Les papes Paul V. & Urbain VIII. comblerent Lanfranc de biens & d’honneurs ; mais sur-tout un caractere doux & tranquille, une femme aimable, & des enfans qui réunissoient tous les talens d’agrément, le rendirent heureux.

Ses principaux ouvrages sont à Rome, à Naples, & à Plaisance. Toute la chapelle de S. Jean-Baptiste à Rome, est de sa main.

Dominiquin, (Dominique Zampiéri, dit le) né à Bologne en 1581, mort en 1641. Il se mit sous la discipline des Carraches, & remplit la prophétie d’Annibal son maître, qui prédit que le Dominiquin nourriroit un jour la Peinture. Cependant ses études furent tournées en ridicule, ses premieres productions méprisées, sa persévérance traitée de tems perdu, & son silence de stupidité.

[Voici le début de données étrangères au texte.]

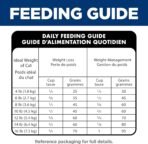 Hill's Science Diet Adult Perfect Weight Dry Cat Food - Image 7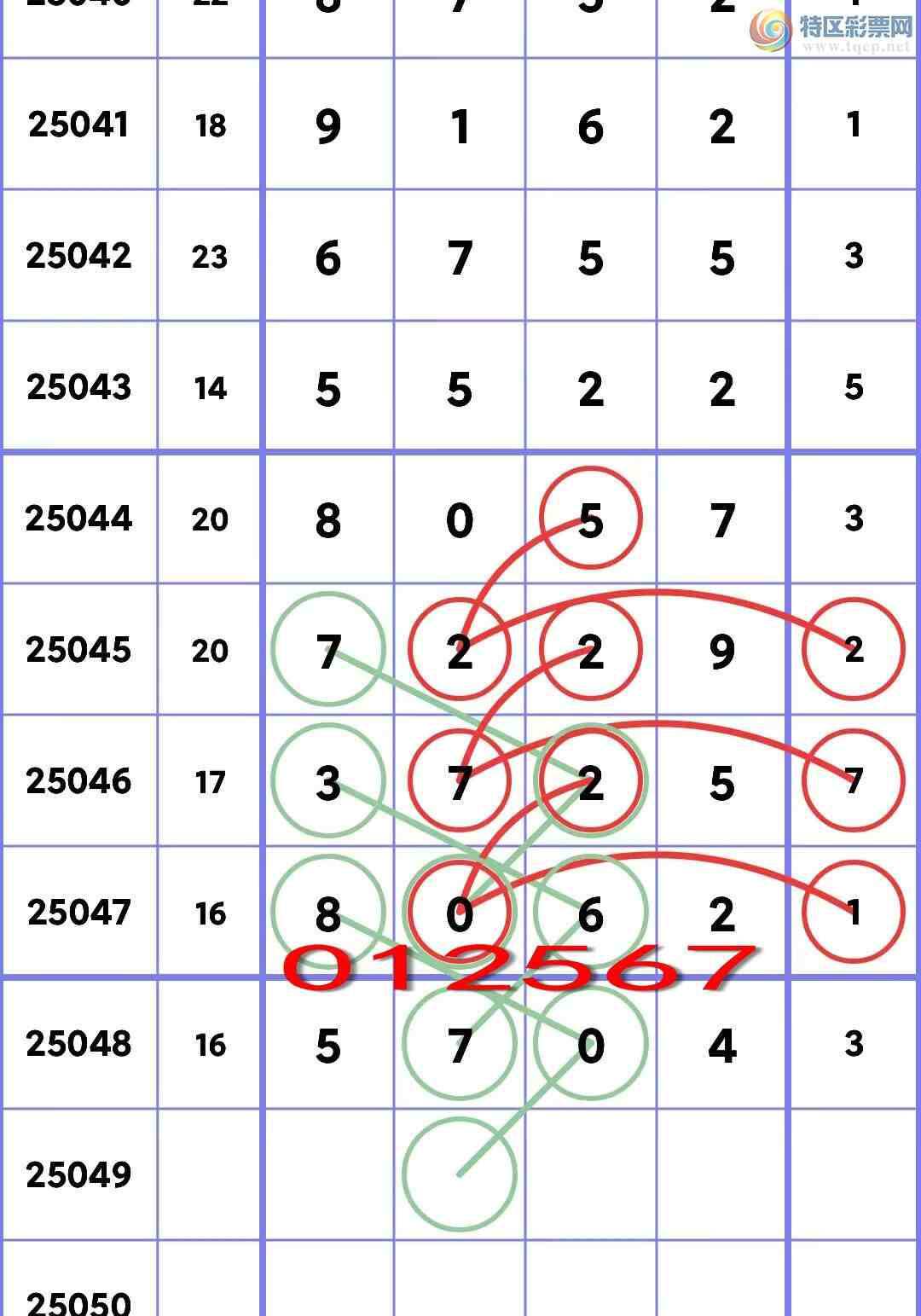 [������] 25049�ڣ�<ͷ+ͷβ>��V������ͷ333��������ͷβ5XX4����ͼ��]247 / ����:С���� / ����ID:1012272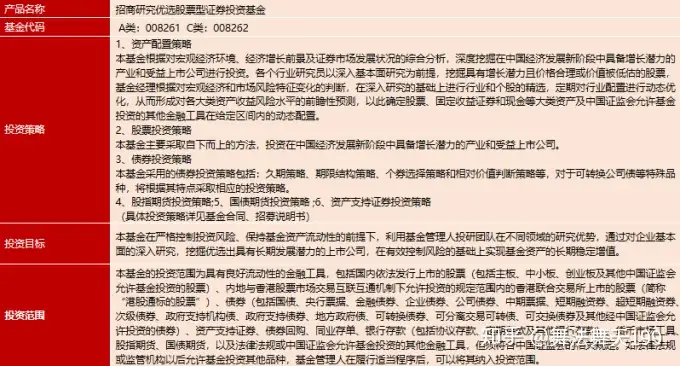 招商研究优选股票型基金投资价值分析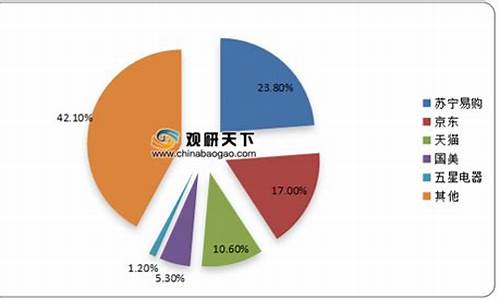 家电市场占有率排名_家电市场占比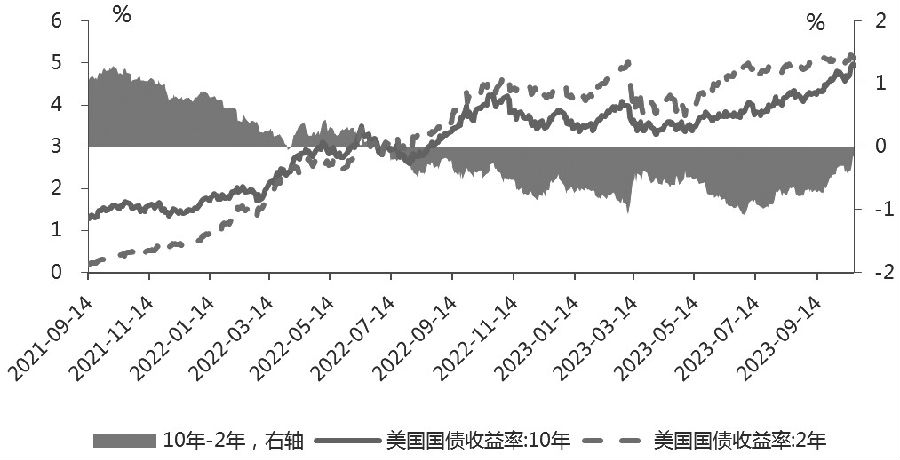 图为美国10年和2年期国债收益率走势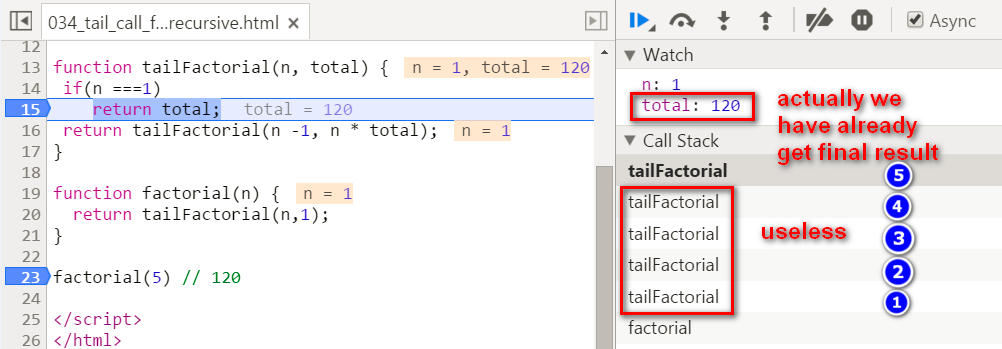 JavaScript, ABAP和Scala里的尾递归(Tail Recursion)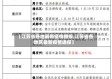 【江苏省各地最新疫情播报,江苏省各地区最新疫情通报】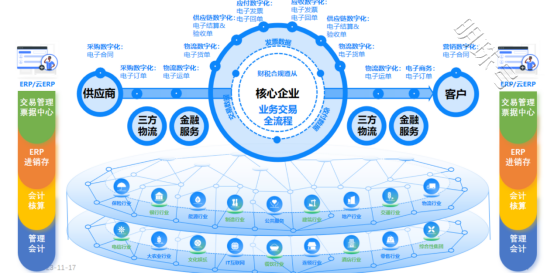 百望云杨正道：数电时代 CFO如何带领企业完成财税数字化转型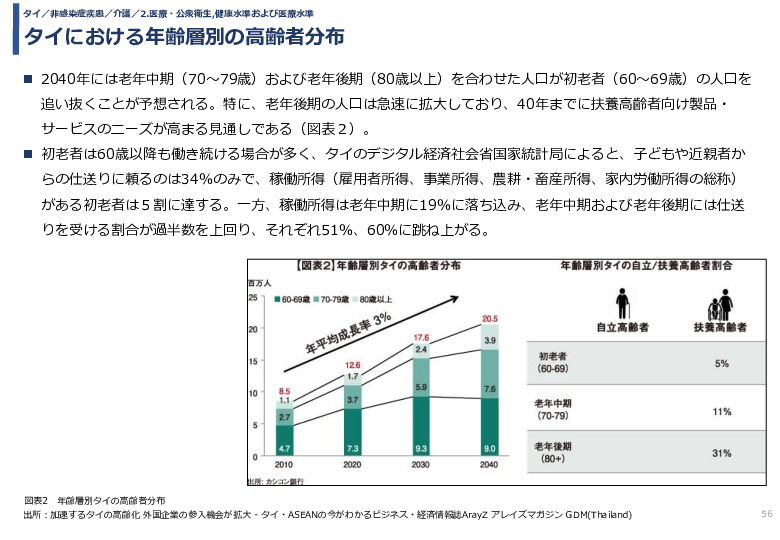 令和3年度ヘルスケア産業国際展開推進事業報告書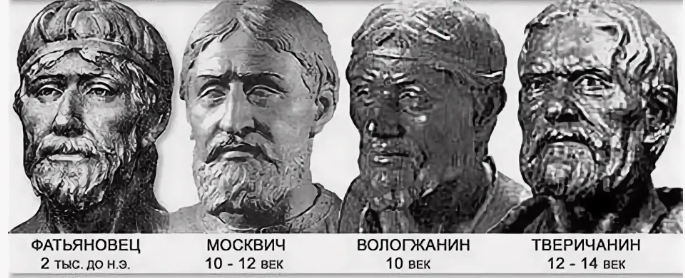 О формировании древнерусской народности. Современные русские - это славянорусы. Гипотезы А. Клесова и Л. Грот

En effet la nature lui donna un esprit paresseux, pesant, & stérile ; mais par son opiniâtreté dans le travail, il acquit de la facilité, de la fécondité, de l’imagination, j’allois presque dire du génie : du moins sa persévérance opiniâtre, la bonté cachée de son esprit, & la solidité de ses réflexions, lui tenant lieu du don de la nature, que nous appellons génie, ont fait produire au Dominiquin des ouvrages dignes de la postérité.

Absorbé dans son art, il amassa peu-à-peu un thrésor de science ; qui se découvrit en son tems. Son esprit enveloppé comme un ver à soie l’est dans sa coque, après avoir long-tems travaillé dans la solitude, se développa, s’anima, prit l’essor, & se fit admirer non-seulement de ses confreres qui avoient tâché de le dégoûter, mais des Carraches même qui l’avoient soûtenu. En un mot, les pensées du Dominiquin s’éleverent insensiblement au point qu’il s’en faut peu qu’elles ne soient arrivées jusqu’au sublime, si l’on ne veut pas convenir qu’il y a porté quelques-uns de ses ouvrages ; comme le martyre de S. André, la communion de S. Jerôme, le S. Sébastien qui est dans la seconde chapelle de l’église de saint Pierre, le Musée, & autres morceaux admirables, qu’il a faits à Rome à la chapelle du thrésor de Naples, & à l’abbaye de Grotta Ferrata ; monumens éternels de sa capacité.